It's hard to believe that the definition of differentiability of a function of two variables is not given in any textbook on Calculus of several variables. The existence of partial derivatives of a function at a given point is NOT enough to prove that the function is "differentiable" there. The standard definition is this:
F(x, y), a function from [itex]R^2[/itex] to R (you can extend to as many variables as you like) is "differentiable at [itex](x_0, y_0)[/itex] if and only if there exist a linear function L(x,y) from [itex]R^2[/itex] to R and a function [itex]\epsilon(x,y)[/itex] from [[itex]R^2[/itex] to R such that
[tex]F(x,y)= F(x_0, y_0)+ L(x-x_0, y-y_0)+ \epsilon(x-x_0, y-y_0)[/tex]
and
[tex]\lim_{(x,y)\to (x_0,y_0)} \frac{\epsilon(x-x_0, y-y_0)}{\sqrt{(x-x_0)^2+ (y-y_0)^2}}= 0[/tex]
Roughly, that says that L(x,y) (the derivative of F(x,y) at [itex](x_0, y_0)[/itex] is the "best" linear approximation to F(x,y) in the neighborhood of [itex](x_0, y_0)[/itex]. If you think of z= F(x,y) as defining a surface in [itex]R^3[/itex], that says that the surface has a tangent plane at the point.
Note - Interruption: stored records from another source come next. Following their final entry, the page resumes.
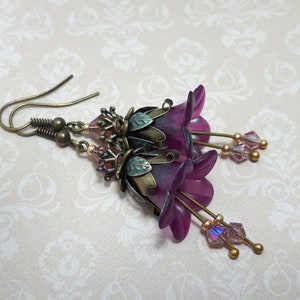 Mulberry purple bell flowers that have been hand painted with an iridescent green shimmer. They have antique bronze floral accents and light amethyst AB crystal drops from the bottoms of the flowers. They are fantasy vintage art nouveau in style.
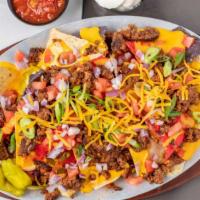 Nachos · Baked tortilla chips topped with chili, or chicken, melted cheddar,
pico de gallo, salsa, & ...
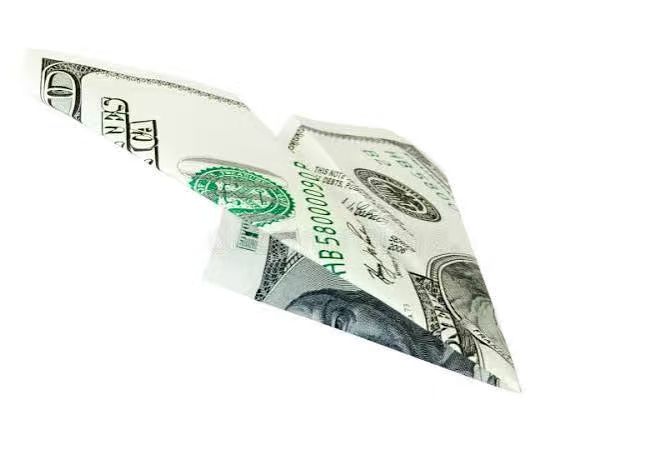 Paper airplane folded from a 100 US dollar bill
That can be hard to use. Probably what you want to use is a theorem normally proved immediatly after that definition is introduced:
"F(x,y) is differentiable at [itex](x_0, y_0)[/itex] if and only if the partial derivatives [itex]\partial F/\partial x[/itex] and [itex]\partial F/\partial y[/itex] exist and are continuous in some neighbohood of [itex](x_0, y_0)[/itex]."